Overview of "No Clear, Direct Evidence for Multiple Protoplanets Orbiting LkCa 15: LkCa 15 bcd are Likely Inner Disk Signals"

This study critically examines the evidence for the existence of multiple protoplanets, specifically LkCa 15 bcd, around the young star LkCa 15, a well-known T Tauri star. Utilizing advanced observational techniques, the authors provide a comprehensive analysis that questions prior claims of detecting multiple protoplanets.

Scientific Context

LkCa 15 functions as a valuable subject in the study of planet formation due to its young age and the presence of a substantial protoplanetary disk. Historically, this system was purported to host multiple jovian protoplanets within its circumstellar disk, detected using sparse aperture-masking (SAM) interferometry and H$_{\alpha}$ differential imaging. These findings, if substantiated, would provide unprecedented direct evidence of planet formation in situ.

Methodology

The researchers employed the Subaru Coronagraphic Extreme Adaptive Optics (SCExAO) system, coupled with the Coronagraphic High Angular Resolution Imaging Spectrograph (CHARIS), to obtain new near-infrared direct imaging and spectroscopy data. Additionally, thermal infrared imaging was performed across multiple epochs using the Keck/NIRC2 instrument. These observations aimed to validate or refute previous claims of planet detection by directly observing the purported protoplanets in the same regions and wavelengths identified by earlier studies.

Key Findings

1. Absence of Protoplanetary Signals: The comprehensive analysis revealed no direct image of the claimed protoplanets. Instead, the data showed extended emission consistent with a dust disk within the same regions where the protoplanets LkCa 15 bcd were previously reported.
2. Misinterpretation of Disk Emission: The authors argue convincingly that prior detections attributed to protoplanets are likely misinterpreted signals originating from the inner disk. The spatial and brightness characteristics observed in the new data are inconsistent with distinct, orbiting bodies.
3. Static Nature of Signals: Further baseline comparisons using data from 2009 to 2017 showed no significant orbital motion of the signals claimed to be planets, strengthening the argument that these signals stem from static circumstellar structures, such as a dust disk.
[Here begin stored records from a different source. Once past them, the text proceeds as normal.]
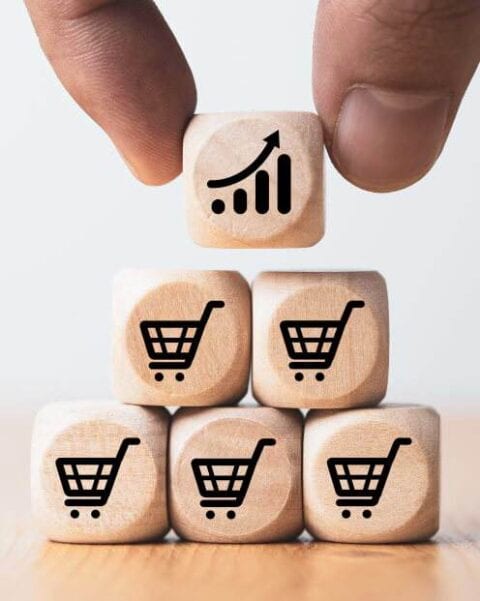 a hand holding a wooden block with a shopping cart and a graph, illustrating one way to increase sales.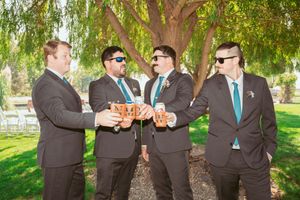 Groomsmen in black suits share drinks and toast while standing under weeping willow trees at an outdoor wedding celebration.
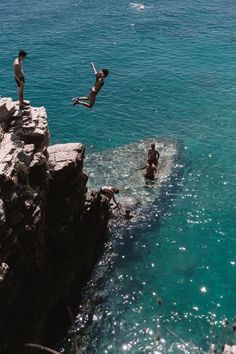 two people jumping off rocks into the ocean from a rocky cliff above them is another person swimming in the water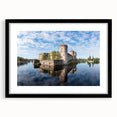 Extra large abstract art print of a colorful, textured Finnish landscape in a black frame, ideal for living room decor.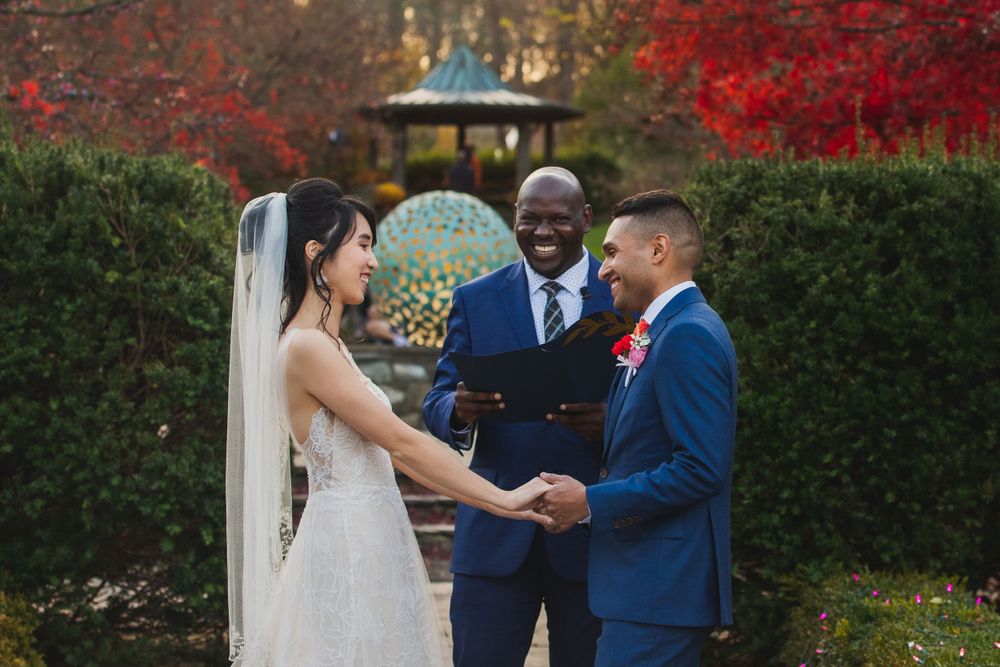 Intimate outdoor wedding ceremony with couple holding hands during vow exchange.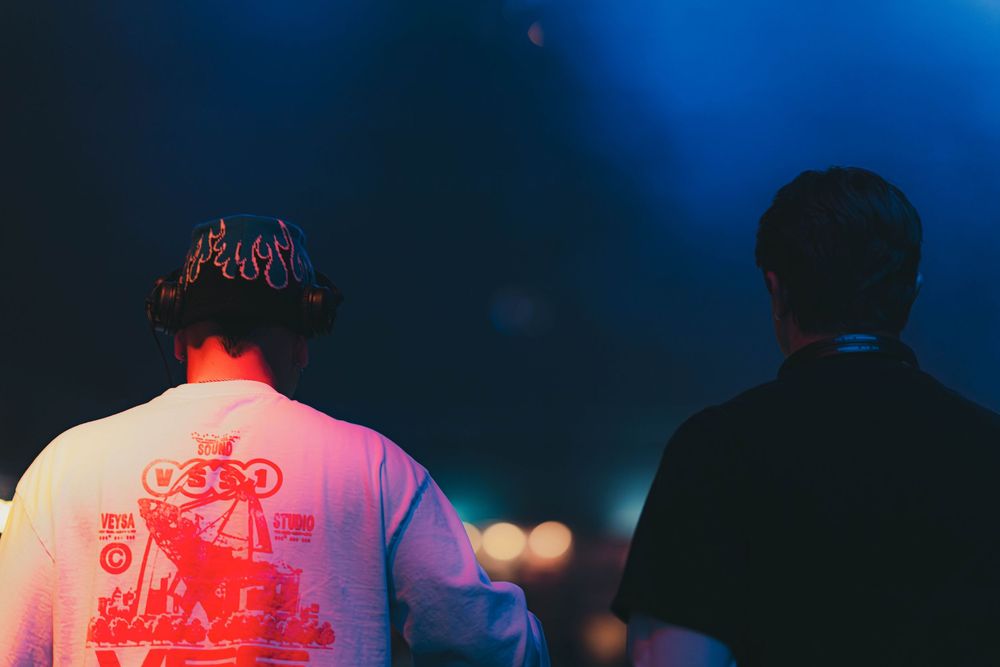 Silhouettes of people in front of vibrant blue and red stage lighting creating an atmospheric concert scene.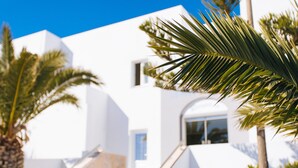 A modern white building with a staircase and palm trees. - Nikos Hotel (Santorini)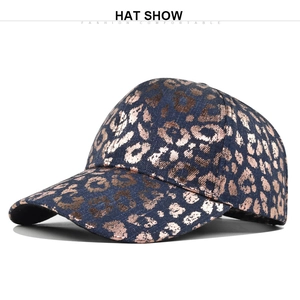 Detailed view of the copper leopard print texture on a navy blue vintage denim baseball cap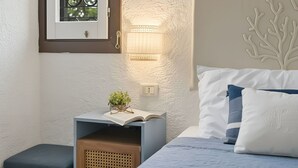 Une chambre à coucher avec un lit, une table de chevet, une lampe et une fenêtre donnant sur un paysage verdoyant.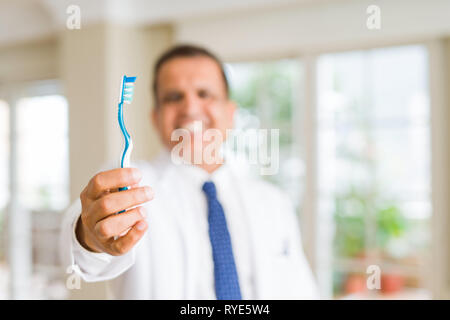 Middle age dentist man holding toothbrush and smiling Stock Photo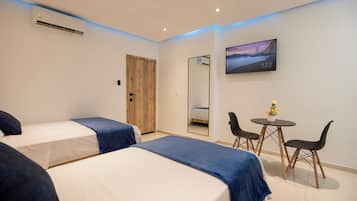 Habitación de hotel con dos camas, una puerta de madera, televisión, espejo y una pequeña mesa con sillas.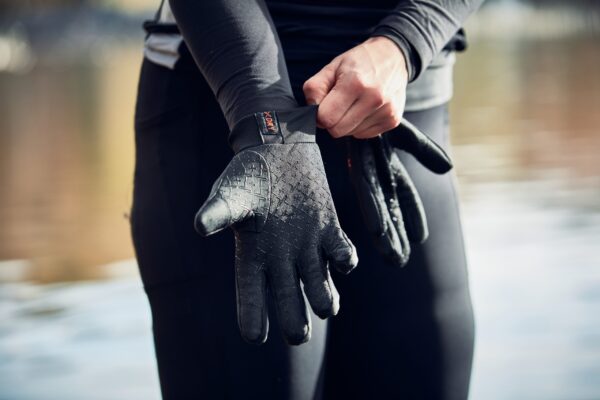 Close-up of a person pulling a textured black neoprene glove onto their hand while wearing a black wetsuit, with blurred water in the background.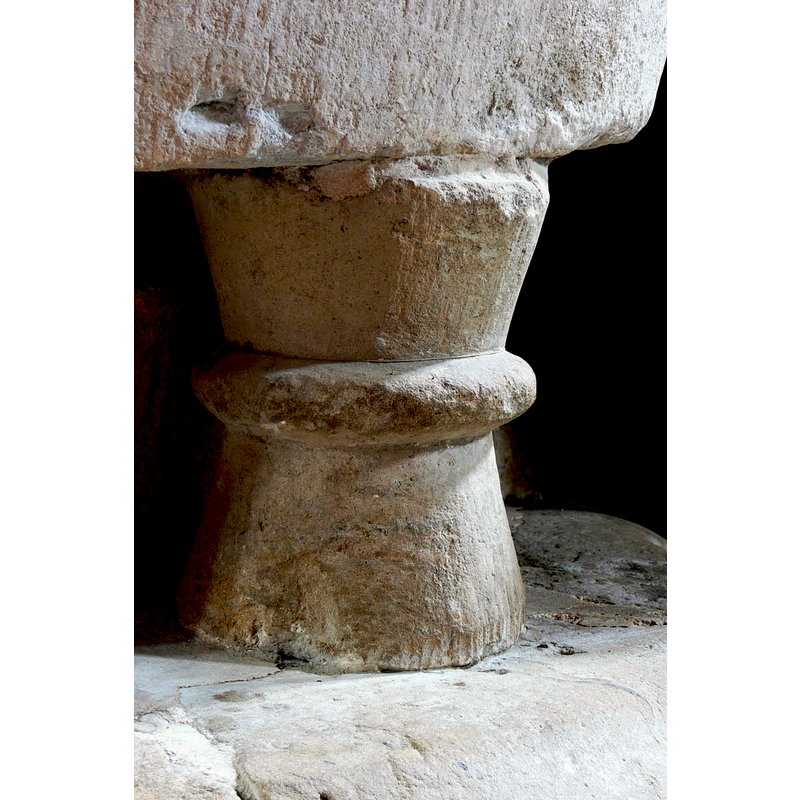 on one of the legs of the base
Theoretical and Practical Implications

The work suggests recalibrating approaches to identifying and characterizing young protoplanets within complex disk environments. By highlighting the limitations and potential misreadings of SAM interferometry in the presence of intricate disk emission, it informs future observational strategies, advocating for the necessity of meticulous modeling of disk structures to distinguish them from planetary signals.
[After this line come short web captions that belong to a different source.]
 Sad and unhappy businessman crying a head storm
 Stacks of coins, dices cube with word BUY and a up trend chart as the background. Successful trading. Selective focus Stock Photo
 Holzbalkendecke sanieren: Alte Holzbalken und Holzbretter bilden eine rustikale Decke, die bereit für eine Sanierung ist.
The authors also propose that while direct evidence for LkCa 15 bcd is lacking, the system may still host unseen jovian companions, potentially detectable with upcoming large telescopes such as the Thirty Meter Telescope (TMT), provided that the disk's influence is precisely accounted for and mitigated.

Future Directions

This study reinforces the importance of cautious interpretation in direct imaging studies, urging a detailed accounting of disk emissions coupled with multi-wavelength, multi-epoch observations to confidently identify planetary companions. Such approaches can further elucidate the processes governing planet formation and evolution in young stellar systems. As high-resolution instrumentation and observational techniques evolve, the prospects for unequivocal protoplanet detection will improve, offering deeper insights into these formative astrophysical environments.